内需主導型回復を裏付けた4〜6月期GDP(H17.8.12)


─ 実勢は年率3%程度の成長 ─

【在庫投資の減少が4〜6月期の成長率を大きく引下げた】
   本日(8月12日)公表された本年4〜6月期GDP統計(第1次速報)によると、4〜6月期の実質成長率は前期比+0.3%(年率換算+1.1%)と、私の予想の範囲内(年率+1〜2%)でやや低目の数字となった。
   しかし、これは私が下振れ要因として指摘しておいた在庫投資が、実質成長率を0.5%も引下げる大幅減少となったためである(このHPの<月例景気見通し>(2005年8月版)“景気は内需主導で緩やかに上昇する兆し”参照)。

【4〜6月期の成長率の実勢は年率3%程度】
   在庫投資の成長寄与度は、04年10〜12月期が+0.2%、05年1〜3月期が+0.3%と、在庫の積上がりを反映してやや大きかったが、4〜6月期は在庫調整が進捗したため−0.5%と大きな反動減となった。
   在庫投資の増加は成長の先喰いであり、その減少は先喰い分の吐き出し、ないしは成長ポテンシャルの先送りである。従って、4〜6月期の成長率の実勢はもっと高く、0.5%近く上乗せした前期比+0.7%〜0.8%(年率+3.0%程度)と見てよい。
   他方、本年1〜3月期の年率+5.4%の高成長は在庫投資の増加によって嵩上げされているので、実勢は年率4%程度と見るべきであろう。それでも、年明け後の成長率の実勢は、1〜3月期+4%、4〜6月期+3%であるからかなり高い。

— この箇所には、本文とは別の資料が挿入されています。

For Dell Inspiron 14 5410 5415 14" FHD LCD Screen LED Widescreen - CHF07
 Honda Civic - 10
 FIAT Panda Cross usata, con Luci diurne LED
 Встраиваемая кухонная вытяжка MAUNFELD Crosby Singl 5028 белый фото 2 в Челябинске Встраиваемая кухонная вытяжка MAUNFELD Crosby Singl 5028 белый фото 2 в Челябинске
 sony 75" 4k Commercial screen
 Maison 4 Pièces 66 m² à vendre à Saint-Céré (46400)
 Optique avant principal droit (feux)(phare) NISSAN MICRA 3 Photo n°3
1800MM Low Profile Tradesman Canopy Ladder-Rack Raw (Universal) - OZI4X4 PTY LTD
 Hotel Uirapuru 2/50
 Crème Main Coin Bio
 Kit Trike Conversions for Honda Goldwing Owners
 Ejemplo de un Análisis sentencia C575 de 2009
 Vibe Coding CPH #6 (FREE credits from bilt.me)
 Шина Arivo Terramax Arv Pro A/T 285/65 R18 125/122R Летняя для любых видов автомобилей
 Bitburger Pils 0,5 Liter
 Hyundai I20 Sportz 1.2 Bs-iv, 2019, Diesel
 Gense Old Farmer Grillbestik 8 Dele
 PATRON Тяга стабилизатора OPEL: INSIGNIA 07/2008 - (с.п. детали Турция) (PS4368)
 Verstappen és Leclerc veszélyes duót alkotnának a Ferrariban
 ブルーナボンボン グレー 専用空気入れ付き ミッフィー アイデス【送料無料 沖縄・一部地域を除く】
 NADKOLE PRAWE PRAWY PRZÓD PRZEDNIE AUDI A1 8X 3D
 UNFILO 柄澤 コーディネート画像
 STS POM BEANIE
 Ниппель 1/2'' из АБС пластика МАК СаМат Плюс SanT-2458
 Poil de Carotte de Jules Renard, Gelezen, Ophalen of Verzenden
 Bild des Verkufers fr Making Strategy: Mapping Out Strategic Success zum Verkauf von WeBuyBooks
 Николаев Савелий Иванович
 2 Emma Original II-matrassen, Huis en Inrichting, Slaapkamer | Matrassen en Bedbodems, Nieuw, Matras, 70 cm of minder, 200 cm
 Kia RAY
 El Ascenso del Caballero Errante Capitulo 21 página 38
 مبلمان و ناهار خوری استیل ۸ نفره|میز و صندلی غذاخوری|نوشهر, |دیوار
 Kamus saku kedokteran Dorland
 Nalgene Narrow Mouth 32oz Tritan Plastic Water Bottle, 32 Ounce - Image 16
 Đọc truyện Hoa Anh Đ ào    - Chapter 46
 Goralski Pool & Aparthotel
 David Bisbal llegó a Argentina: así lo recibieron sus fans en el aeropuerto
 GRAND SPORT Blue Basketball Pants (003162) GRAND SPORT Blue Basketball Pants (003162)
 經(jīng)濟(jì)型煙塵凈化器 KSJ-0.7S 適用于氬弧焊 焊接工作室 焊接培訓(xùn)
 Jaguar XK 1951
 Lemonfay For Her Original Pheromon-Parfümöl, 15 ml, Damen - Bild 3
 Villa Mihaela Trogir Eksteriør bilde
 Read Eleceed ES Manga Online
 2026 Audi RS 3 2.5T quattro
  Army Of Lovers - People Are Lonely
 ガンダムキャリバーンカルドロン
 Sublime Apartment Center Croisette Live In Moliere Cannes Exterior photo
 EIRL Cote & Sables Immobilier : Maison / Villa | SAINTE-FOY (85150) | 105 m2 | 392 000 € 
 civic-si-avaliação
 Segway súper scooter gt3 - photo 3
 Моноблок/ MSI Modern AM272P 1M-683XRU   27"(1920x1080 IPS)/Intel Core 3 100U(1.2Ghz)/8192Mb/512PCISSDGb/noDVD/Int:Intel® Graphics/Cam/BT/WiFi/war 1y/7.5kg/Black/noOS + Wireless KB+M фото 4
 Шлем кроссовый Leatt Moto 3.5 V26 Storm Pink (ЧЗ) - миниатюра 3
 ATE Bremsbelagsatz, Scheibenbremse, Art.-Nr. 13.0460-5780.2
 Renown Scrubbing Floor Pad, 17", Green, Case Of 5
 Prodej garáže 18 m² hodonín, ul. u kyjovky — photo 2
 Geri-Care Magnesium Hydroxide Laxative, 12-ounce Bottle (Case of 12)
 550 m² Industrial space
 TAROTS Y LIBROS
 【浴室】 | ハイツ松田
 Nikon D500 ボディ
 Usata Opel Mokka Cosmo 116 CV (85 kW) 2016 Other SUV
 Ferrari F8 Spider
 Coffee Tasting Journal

【4〜6月期の外需の成長寄与度は実勢より高く出ている】
   4〜6月期の+0.3%成長では、昨年7〜9月期から本年1〜3月期まで3四半期続いた純輸出(外需)のマイナスがプラスに転じて+0.2%ポイントの成長寄与度となった。
   しかし、ここでも、輸出が1〜3月期に前期比−0.1%の減少となった反動で、4〜6月期に+2.8%と大きく伸び、輸入の+1.6%をはるかに上回ったことが響いている。ならして見れば、純輸出(外需)の成長寄与度は、昨年7〜9月期から本年4〜6月期までほとんどゼロであり、輸出リード型成長は昨年7〜9月期以降失速したままだという判断は変えなくてもよいであろう。

【4〜6月期は1〜3月期に続いて内需主導型成長】
   本年4〜6月期の+0.3%の成長は、表面的には内需の寄与度が+0.1%ポイント、外需の寄与度が+0.2%ポイントと、一見外需主導型成長が復活したように見えるが、既に述べたことから分かるように、内実はそうではない。
   在庫投資の反動減を調整した内需の成長寄与度は、+0.6%ポイント程度と高く、輸出の反動増を調整した外需の寄与度は+0.1%ポイント程度にとどまる。これは、1〜3月期(内需の寄与度+1.3%ポイント、外需の寄与度−0.1%ポイント)と同様、内需主導型の成長である。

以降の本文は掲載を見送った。